Unos diez días atrás estuve en una boda en Puebla de Sanabria. Se casaba uno de mis primos, y cuando se casan los amigos y los primos o empiezan a tener hijos con sus parejas uno se echa a temblar porque le parece que se va haciendo viejo. El enlace, como suelen llamar a las bodas, se celebró en el Ayuntamiento de Puebla. El caso es que el escenario de alrededor de la Plaza Mayor, o sea, la Casa Consistorial y la Iglesia de Nuestra Señora del Azogue, resulta exquisito. Y debo decir que conocía el entorno, pero no había imaginado una boda en ese contexto, tal vez porque nunca imagino casamientos en ningún sitio. Además, el hecho de que fuese un sábado por la tarde implicaba que por las calles adyacentes sólo hubiera, en su mayoría, turistas. Con esto me refiero a, por ejemplo, cuando uno asiste a una boda en Zamora: llegas a la iglesia de marras, aguardas a que salgan los novios y no falta jamás el puñado de curiosos que se detiene en la acera de enfrente, a ver qué se cuece y quién se casa. Léase, sin ir muy lejos, cuando asistimos a las nupcias (y también a las exequias) en la iglesia de San Torcuato: siempre se congregan por allí los mirones, que preguntan al espectador de al lado quién se casa o quién ha muerto, y si era de buena familia, y sólo les falta avanzar un paso para meterse en la foto con los novios o para echar una mano con el ataúd, según el caso y las circunstancias. Lo cierto es que no soporto esta actitud, ustedes me perdonen, y en la Plaza Mayor de Sanabria, como mayormente sólo se tropezaba uno con turistas, pues no se estaba a disgusto.

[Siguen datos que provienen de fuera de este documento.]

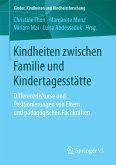Kindheiten zwischen Familie und Kindertagesstätte (eBook, PDF)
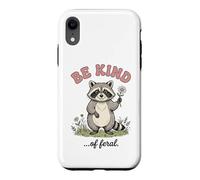 Be Kind of Feral Silly Raton Laveur Kindness Coque pour iPhone XR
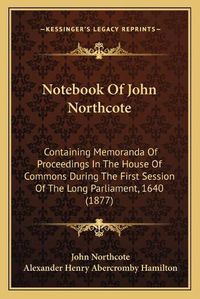 Cover image for Notebook of John Northcote: Containing Memoranda of Proceedings in the House of Commons During the First Session of the Long Parliament, 1640 (1877)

Me interesa comentar en este artículo la cena, celebrada en el Centro de Turismo Rural La Hoja de Roble. Es un sitio cuya visita aconsejo, y vaya por delante que no conozco a sus dueños ni tengo otros intereses que los de recomendar buena comida. He de reconocer, por otra parte, que en las bodas suele asaltarme un pecado capital: la gula. Y me asalta en estos casos concretos porque el menú que uno prueba en los banquetes de boda no se come todos los días, y uno los entiende como algo excepcional. Con lo cual aprovecho la coyuntura. Con lo cual disfruto de dos fases: en la primera sacio el apetito, y en la segunda como por gula. Alguna gente ha llegado a sospechar que tengo la solitaria. El desfile de platos, de una gastronomía espléndida, fue casi interminable y nos alimentó los ojos, los pulmones y los estómagos: quesos variados, tabla de ibéricos, ahumados, croquetas, pulpo a la sanabresa, patatas bravas hechas con tomate natural, calamares, rabas de calamar, buñuelos de bacalao, pastel de pescado, patés, pimientos rellenos de gambas, dulces, etcétera, etcétera. Y vinos tintos y blancos aparte. Sin embargo, esta vez me derrotaron: no fui capaz de probarlo todo, ni siquiera forzando la maquinaria estomacal. Incluso mi gula fue vencida. Es un sitio, pues, que recomiendo si pasan por Puebla de Sanabria. He leído que la casa data del siglo XVII, y que fue rehabilitada hace un par de años.
Tras el banquete acompañé a mis primos a dejar varios regalos en la suite donde la pareja iba a alojarse. Los encargados no se fiaban cuando les pedimos las llaves. Nos preguntaron si dentro de las cajas había animales o cosas raras. Luego, cuando nos condujeron a la habitación, nos explicaron que una vez una pareja de gays había pasado la noche en otra de las suites. En sus juegos nocturnos y amatorios los dos hombres emplearon, según parece, miel. A la mañana siguiente el servicio de habitaciones encontró las sábanas tiesas, de tanta miel untada, y el cuarto pegajoso y hecho un asco. Me pareció lógico que desconfiaran del contenido de las cajas.